• Problem to work on:
Beneath this instruction is a listing; print exactly the lines in it starting at the line that contains "maler-engels.de - Malerbetrieb Essen" and going through the line that contains "Camp Coral SpongeBob".

• Data supplied:
______________________________
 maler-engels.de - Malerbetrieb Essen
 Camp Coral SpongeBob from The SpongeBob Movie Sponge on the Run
______________________________
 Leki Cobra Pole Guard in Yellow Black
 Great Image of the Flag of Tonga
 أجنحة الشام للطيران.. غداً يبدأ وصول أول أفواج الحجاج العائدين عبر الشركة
______________________________
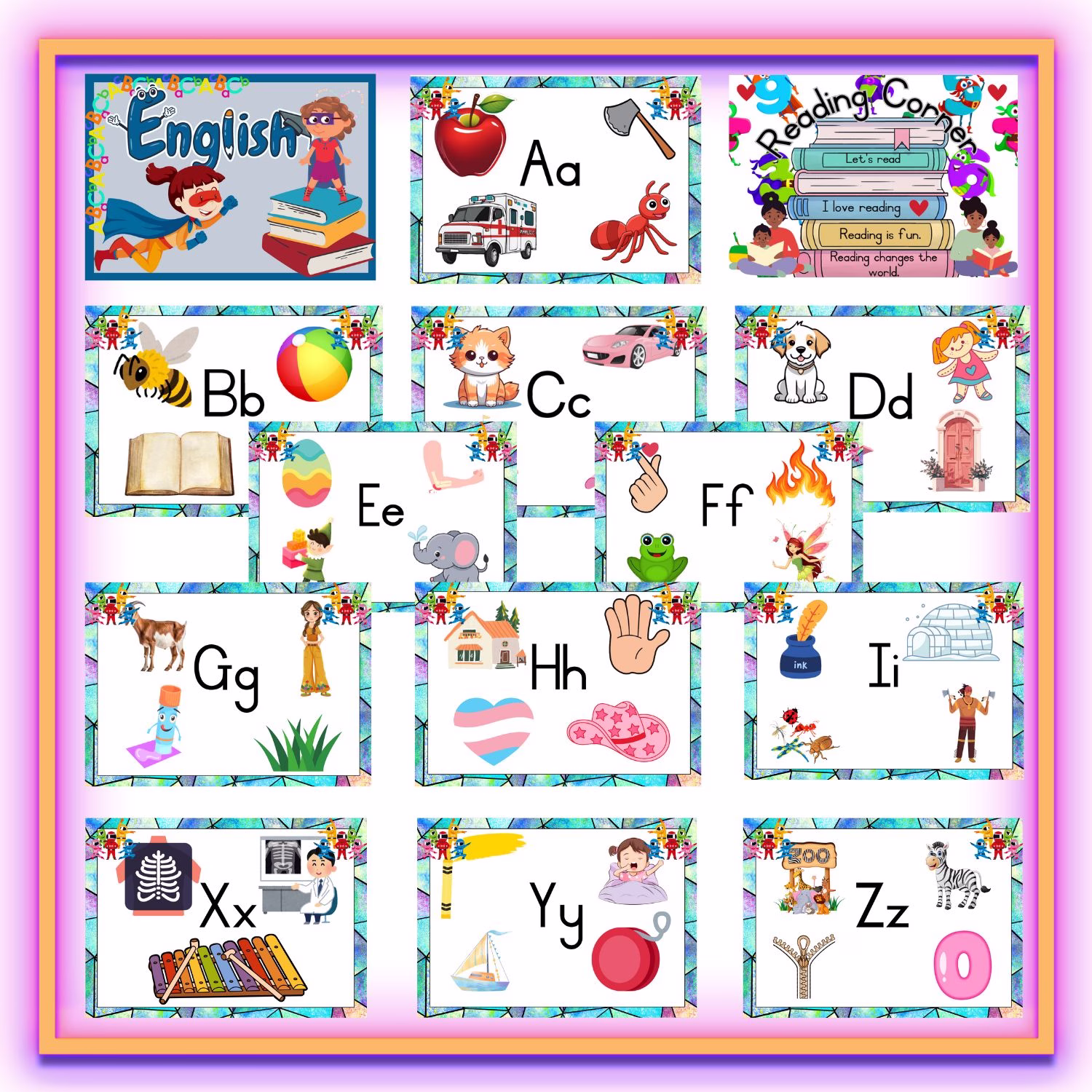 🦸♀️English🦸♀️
______________________________
• Problem solution:
 maler-engels.de - Malerbetrieb Essen
 Camp Coral SpongeBob from The SpongeBob Movie Sponge on the Run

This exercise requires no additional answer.